Evaluating
Utility of C - reactive Protein in Differentiating Bacterial from
Non-Bacterial Meningitis in Tertiary Care Hospital, in Central India
Patel N1,
Patel
U2, Nagpal AC3, Jain RK4
1Dr. Narmada Prasad Patel, Assistant Professor,
Department of medicine, 2Dr. Umesh Patel, Both from L.N.
Medical College, Bhopal, India. 3Dr. A C Nagpal, 4Dr. R
K Jain, Both from N C S B Medical College, Jabalpur, India
Address for
correspondence: Dr Narmada Patel, Email-:
narmadapatel2006@rediffmail.com
Abstract
Introduction:
Prognosis of CNS infection is critically depends on rapid diagnosis and
early implementation of an accurate treatment. Signs and symptoms of
CNS infections remain more or less same at the time of initial
presentation. Biochemical and cellular analysis of cerebrospinal fluid
(CSF) remains main tool in differentiating between Pyogenic meningitis,
tubercular meningitis and viral encephalitis. The results of CSF
analysis are time consuming and empirical therapy has to start awaiting
results of CSF analysis.

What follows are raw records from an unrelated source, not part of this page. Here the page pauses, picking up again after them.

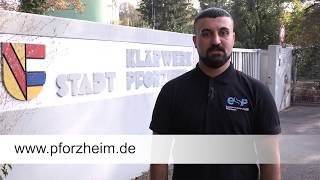 Fachkraft für Abwassertechnik wmd bei der Stadt Pforzheim [upl. by Caresse]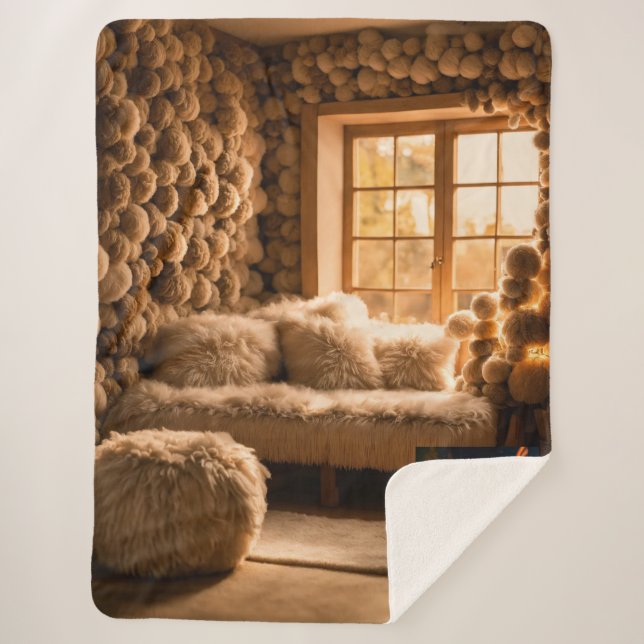 Sherpa Blanket (Front)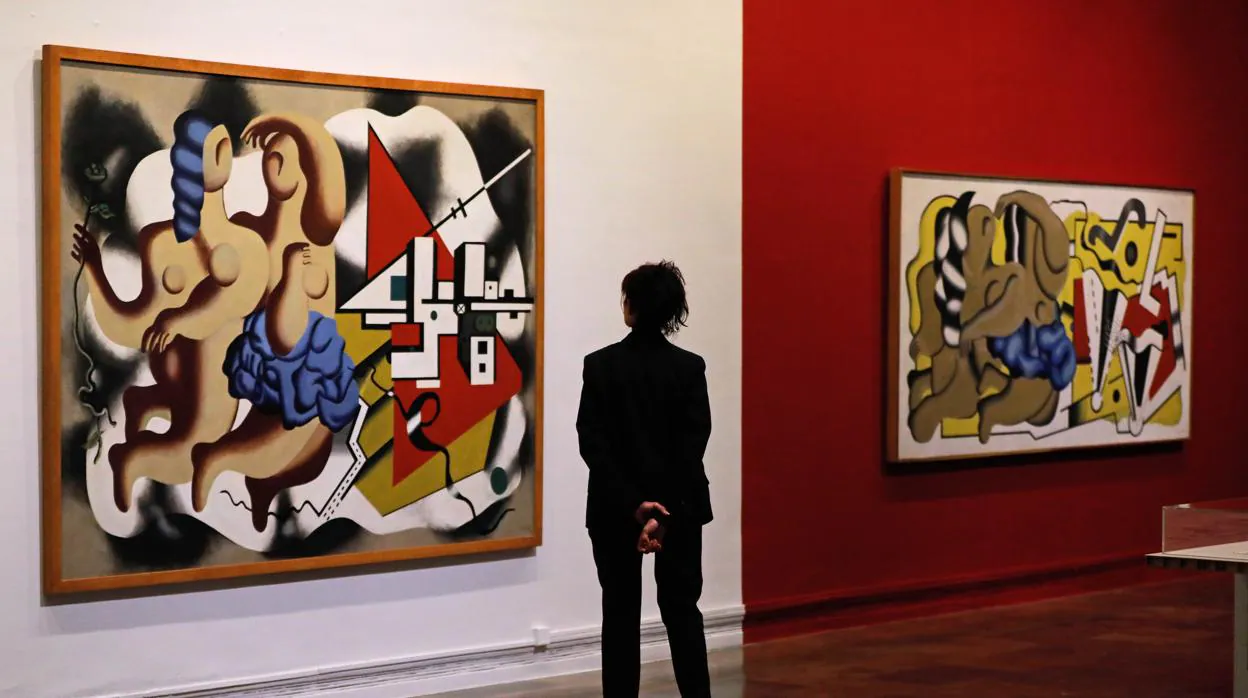 Exposición de Fernand Léger en el IVAM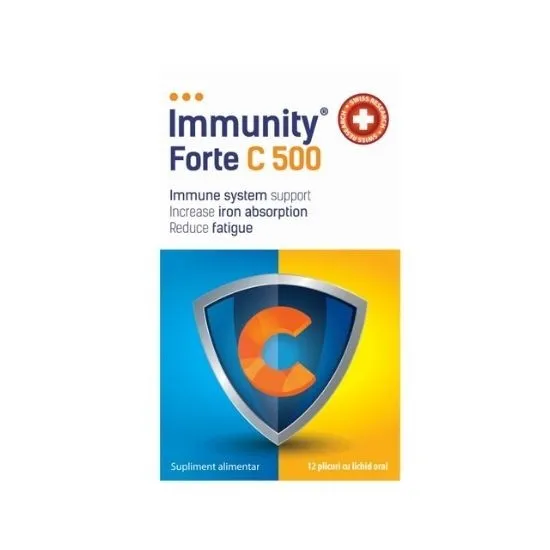 IMMUNITY FORTE C 500 X 12PLICURI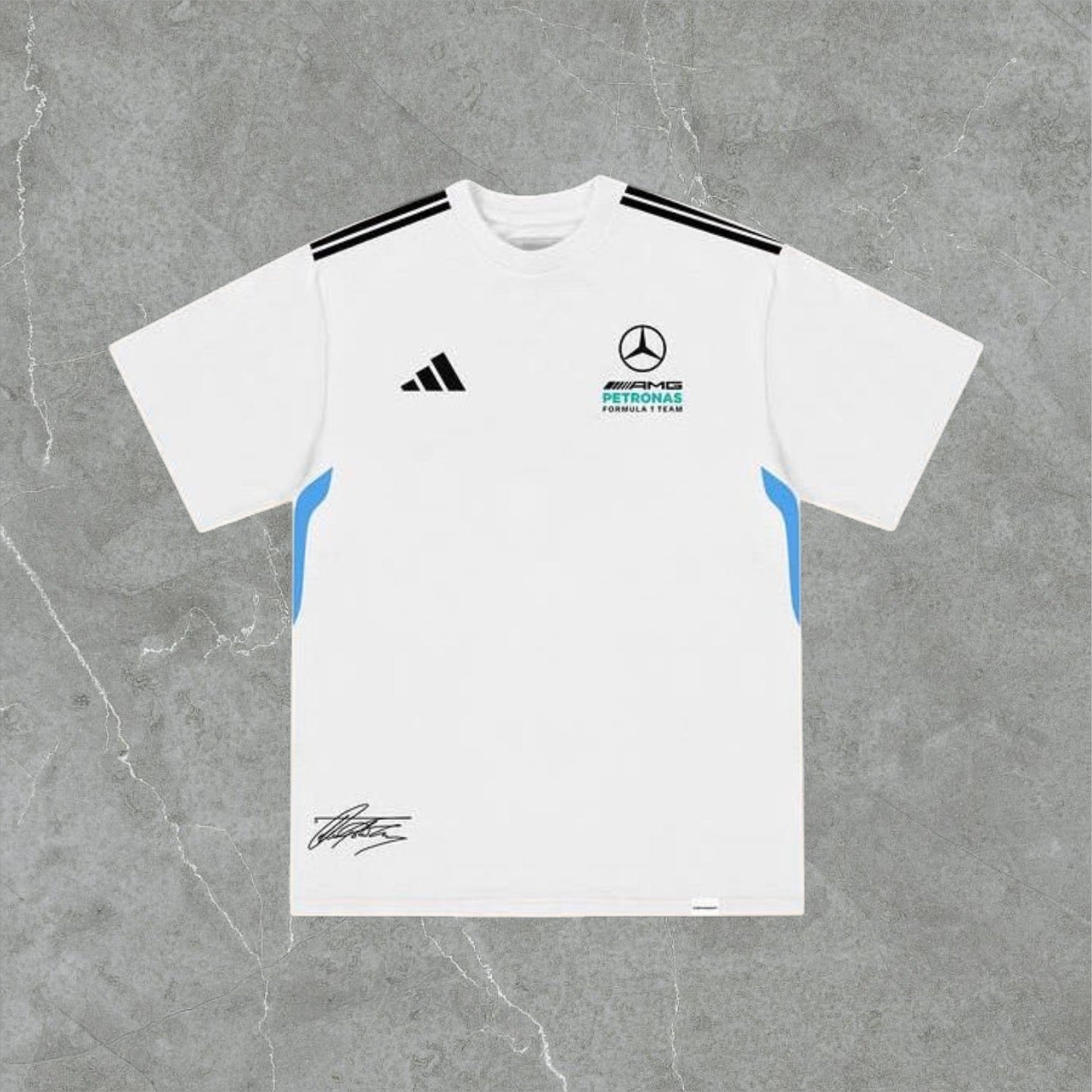 Polera Mercedes Blanca G. Russel 2026
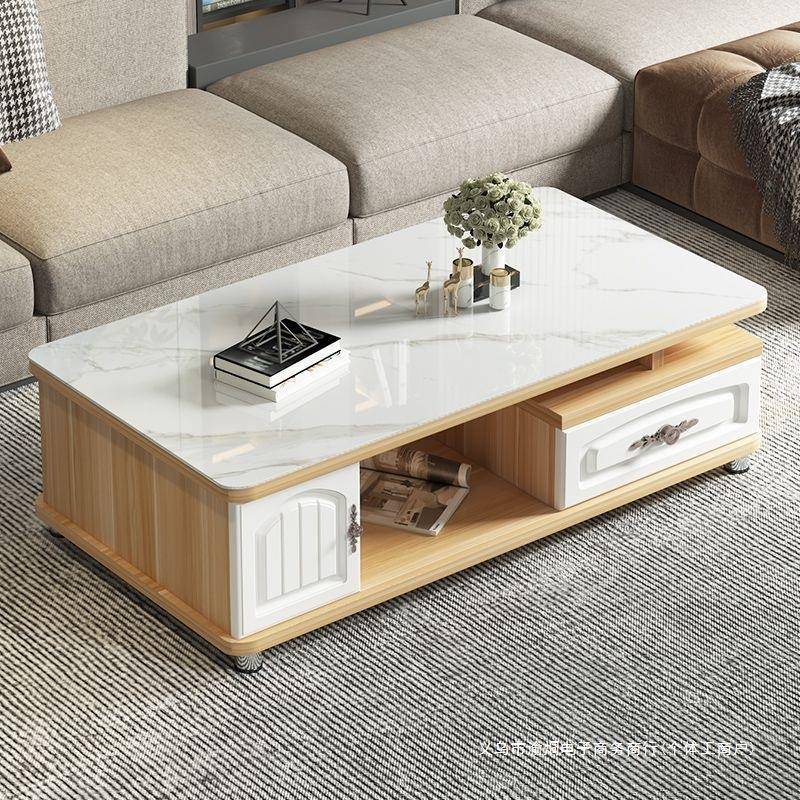 几小户型简客约代茶几茶电视柜组合套装现茶台玻璃茶299几桌子厅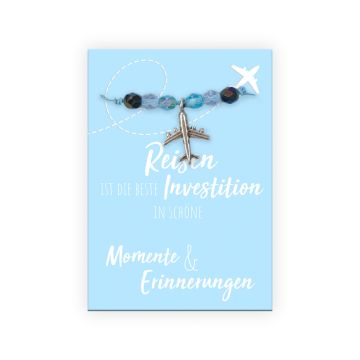 Fertiges Armband Reisen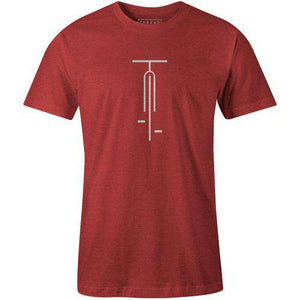 Skinny BikeThread+Spoke - THREAD+SPOKE | MTB APPAREL | ROAD BIKING T-SHIRTS | BICYCLE T SHIRTS |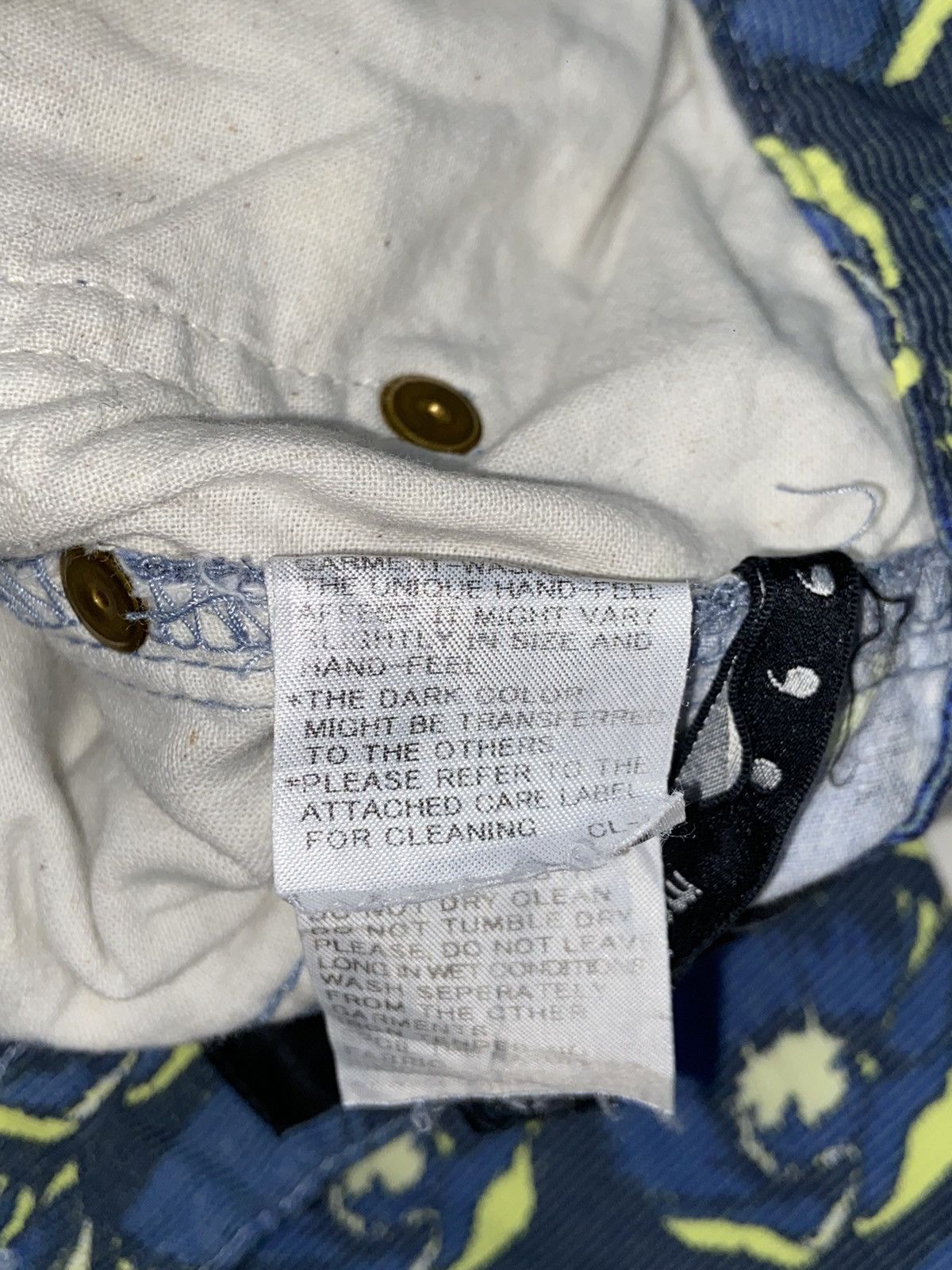 Issey Miyake × Japanese Brand × mercibeaucoup MERCIBEAUCOUP Motive Long Pants Size US 27 - 11 Thumbnail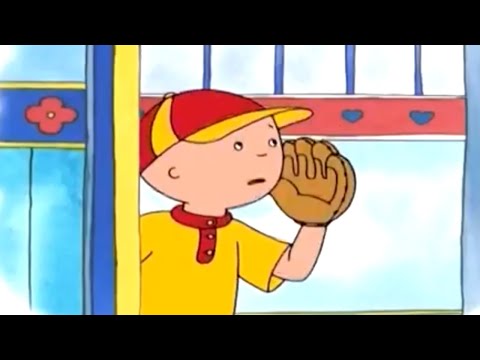 Caillou Türkçe HD | Caillou Ve Spor | Kayu Cizgi Filmi | Caillou Turkish | Caillou Derleme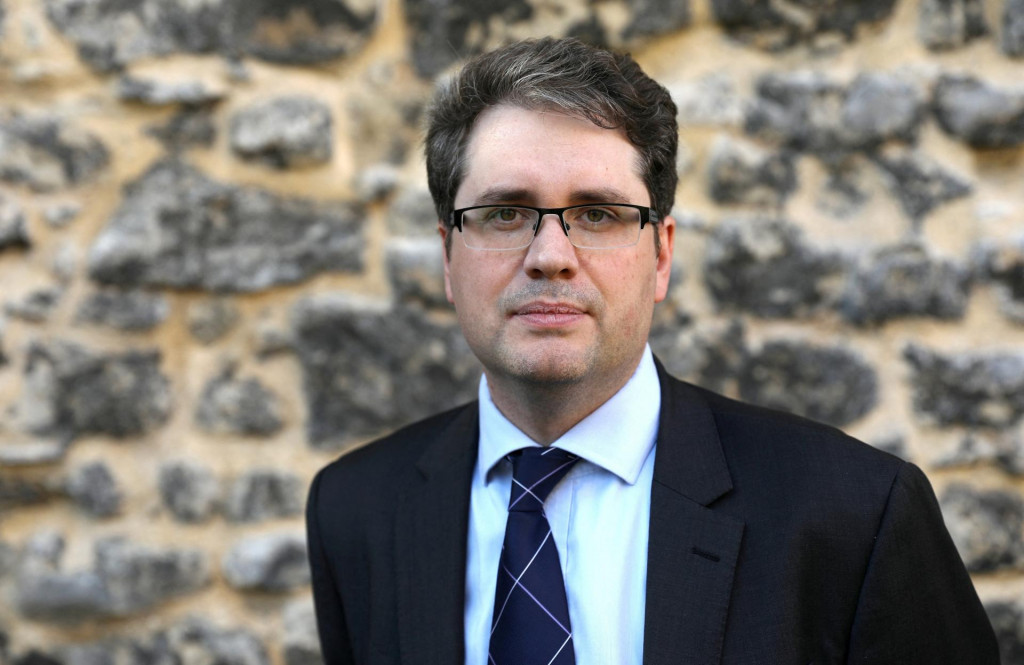 Zakladateľ Bellingcatu Eliot Higgins. FOTO: REUTERS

The authors did a study to evaluate the
efficacy of CSF- CRP in differentiating between bacterial and aseptic
(viral) meningitis at bedside. Material and method: In the present
study C – Reactive Protein (CRP) in Cerebrospinal fluid (CSF)
were studied with latex agglutination method in 58 cases. The authors
recruited patients clinically diagnosed as having acute meningitis in
department of Medicine, NSCB Medical College, Jabalpur, Madhya Pradesh
(India). Results: CSF-CRP was positive in 15 (83.3%) out of
18 in Pyogenic meningitis, 5 (25%) out of 20 in Tubercular meningitis.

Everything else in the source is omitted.